Journal Prompts to Heal When You Still Want Him Back

Some breakups cut clean. Others keep a grip on you long after they end. You wake up and reach for your phone, hoping maybe he messaged. You replay the highlight reel in your mind: the kisses, the laughter, the way his hand found yours. Even when you know the relationship was not good for you, the want lingers.

Wanting him back can feel like a secret craving you are ashamed to admit. Everyone says, “Just move on,” as if it were that simple. But healing is not a straight line. It is layered with contradictions, longing, resistance, and the ache of what if.

This is where the Reclaim. Piece x Peace Journal becomes your ally. Writing does not erase the want, but it exposes it. It transforms longing into clarity and helps you see the difference between desiring him and desiring what you thought you had.


Journal Prompts for When You Still Want Him Back

Here are prompts to use in your Reclaim. Piece x Peace Journal when your heart is still holding on:

  • Write the reasons you want him back.

  • Write the reasons the relationship ended.

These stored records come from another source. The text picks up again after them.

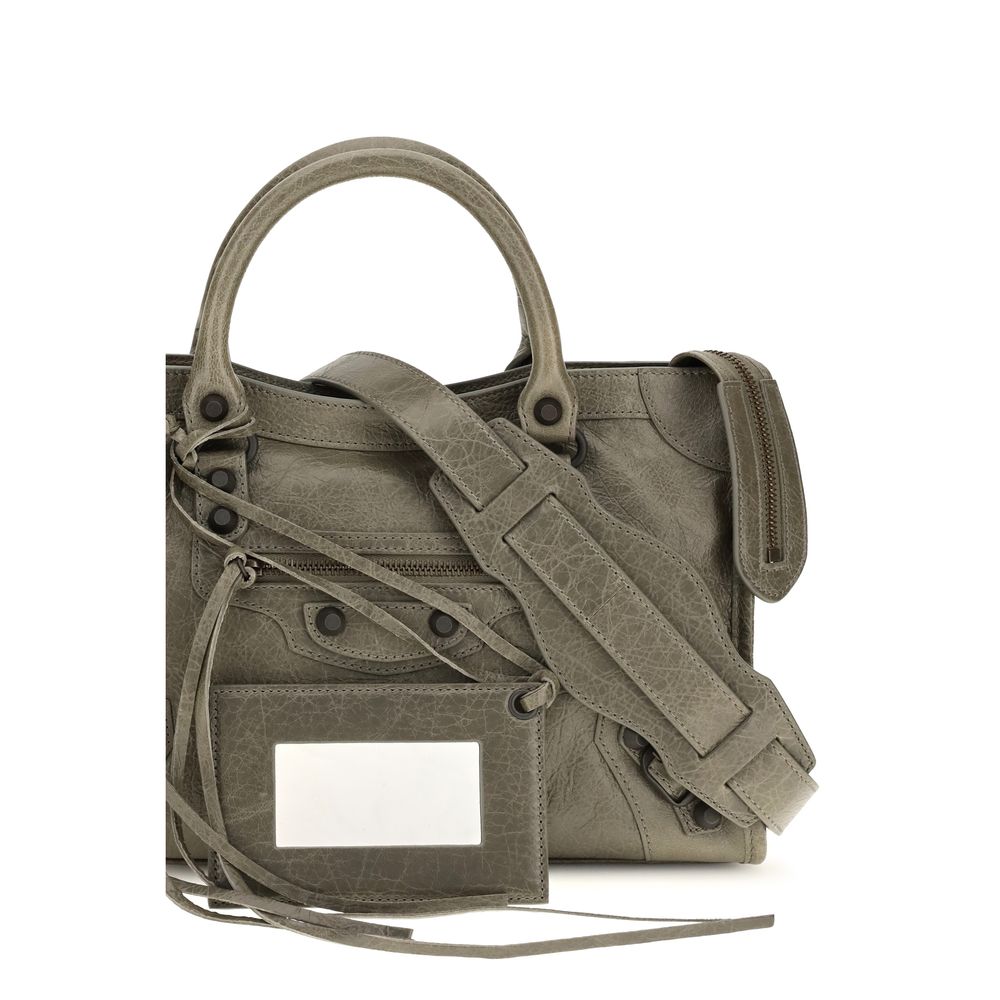 Balenciaga Bicolor Lamb Ovis Aries Handbag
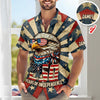 BlueJose America's 250 Years Anniversary Custom Name Hawaii Shirt Personalized Patriotic Gift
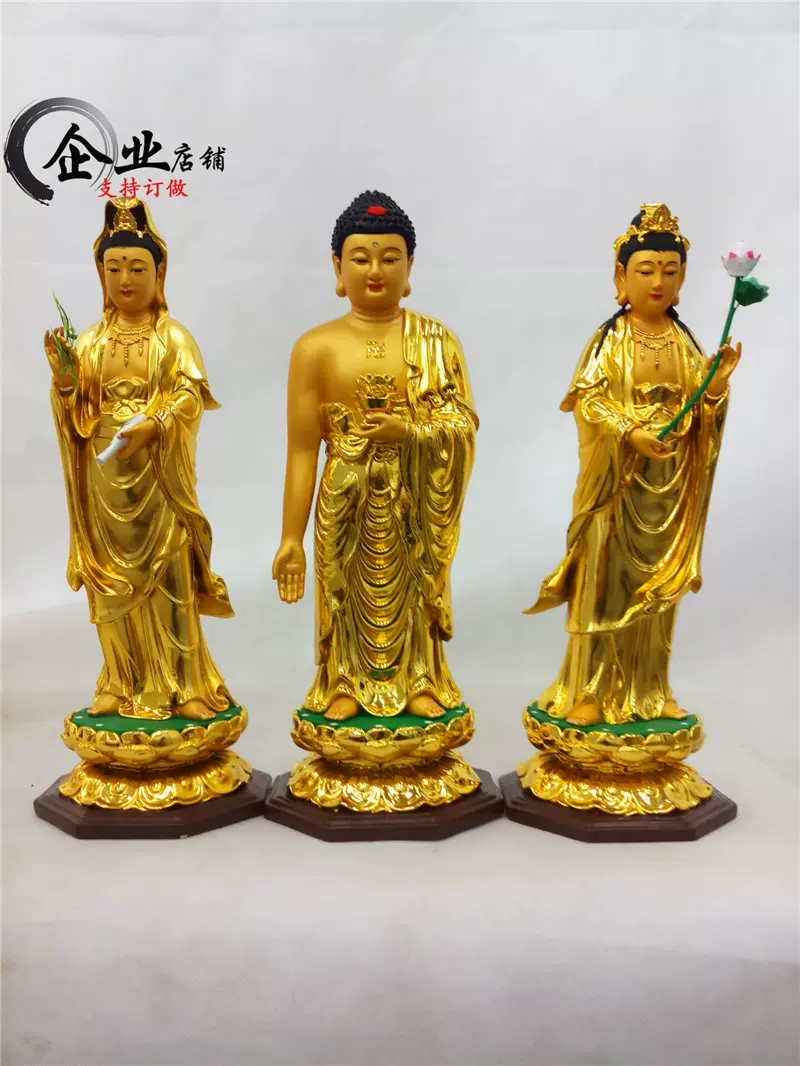 中式木雕善财童子佛像香樟木红孩儿精雕神像实心贴真黄金圣婴大王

  • Write a list of what has not changed about him.

  • Write about the ways you betrayed yourself to keep him.

  • Write what you would tell a best friend in your situation.

  • Write the version of love you actually deserve.

  • Write a goodbye letter you will never send.

  • Write what freedom feels like without him.


1. Write the Reasons You Want Him Back

Start with honesty. What exactly do you miss? His attention, his presence, the way he made you feel wanted? List them all. Do not judge yourself. Writing down the reasons strips them of their power and helps you see patterns.


2. Write the Reasons the Relationship Ended

Balance your list. What caused the end? Lies, disrespect, neglect, incompatibility? Often the pain of the breakup erases the pain of the relationship. This list brings it back into focus.


3. Write a List of What Has Not Changed About Him

When longing grows, you imagine he has changed. Write the truth: he is the same man who hurt you, avoided accountability, or left without explanation. This list reminds you that you are longing for a version of him that does not exist today.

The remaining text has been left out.